Cette solution, largement relayée, doit être nuancée.

En effet, loin d’avoir une portée générale, elle ne vaut que pour le contrat précis dont était saisi le Président du Tribunal à savoir :

  • un contrat d’assurance ;
  • garantissant les pertes d’exploitation subies ;
  • en cas de fermeture imposée par une autorité administrative compétente ;
  • ne prévoyant aucune clause d’exclusion de garantie en cas d’épidémie ou de pandémie.

Bien que non générale, l’intérêt de la décision reste entier, ce qui justifie son analyse.
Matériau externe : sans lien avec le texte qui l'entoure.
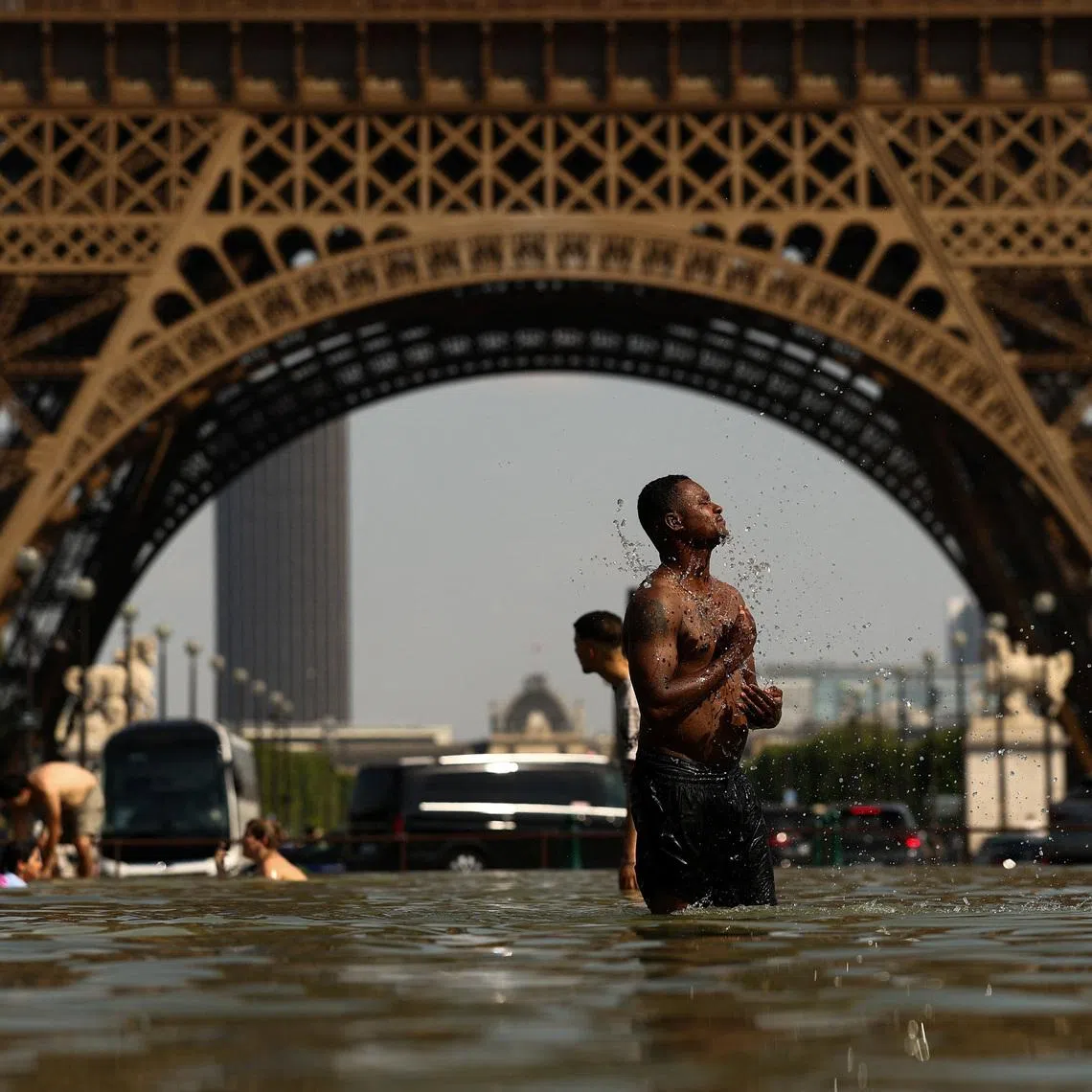 People cool off in the Trocadero Fountain near to the Eiffel Tower as temperatures rise during a heatwave affecting a large part of the country, in Paris, France, June 24, 2026. REUTERS/Gonzalo Fuentes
D’abord, de manière parfaitement évidente, le juge a retenu que la condition d’urgence propre à la procédure de référé était remplie au regard des déficits de trésorerie causés par le confinement.

Ensuite, il a fait échec à la stratégie de la Société d’assurance qui, ne pouvant invoquer de clause d’exclusion de garantie, a cru pouvoir alléguer du caractère prétendument inassurable du risque pandémique.

Sur ce point, le juge a justement rappelé que, faute de texte général excluant par principe une telle garantie, il lui revenait de faire application de la lettre du contrat et donc de constater l’absence de clause d’exclusion.

Enfin, le juge a rejeté l’argument de la Société d’assurance selon lequel la garantie ne pouvait jouer dans la mesure où l’arrêté du 14 mars 2020 n’imposait pas la fermeture de l’établissement mais seulement de ne plus recevoir du public, ce qui autorisait la vente à emporter et excluait donc la mise en œuvre du contrat.

Après avoir constaté que les restaurants en question n’avaient jamais exercé une telle activité et qu’elle n’était pas possible, le juge a retenu que l’interdiction de recevoir du public constituait bel et bien une fermeture administrative totale ou partielle du restaurant au sens du contrat d’assurance, ce qui justifiait son exécution forcée.

Cette décision encourageante doit amener les commerçants bénéficiant d’une assurance « pertes d’exploitation » à se rapprocher de leurs conseils afin d’étudier avec soin les clauses de leurs contrats pour faire pleinement valoir leurs droits.

Une attention toute particulière devra être portée en cas de clause excluant la garantie « si, à la date de la décision de fermeture, au moins un autre établissement a fait l’objet, sur le même territoire, d’une même mesure pour une cause identique » dont la validité est loin d’être évidente.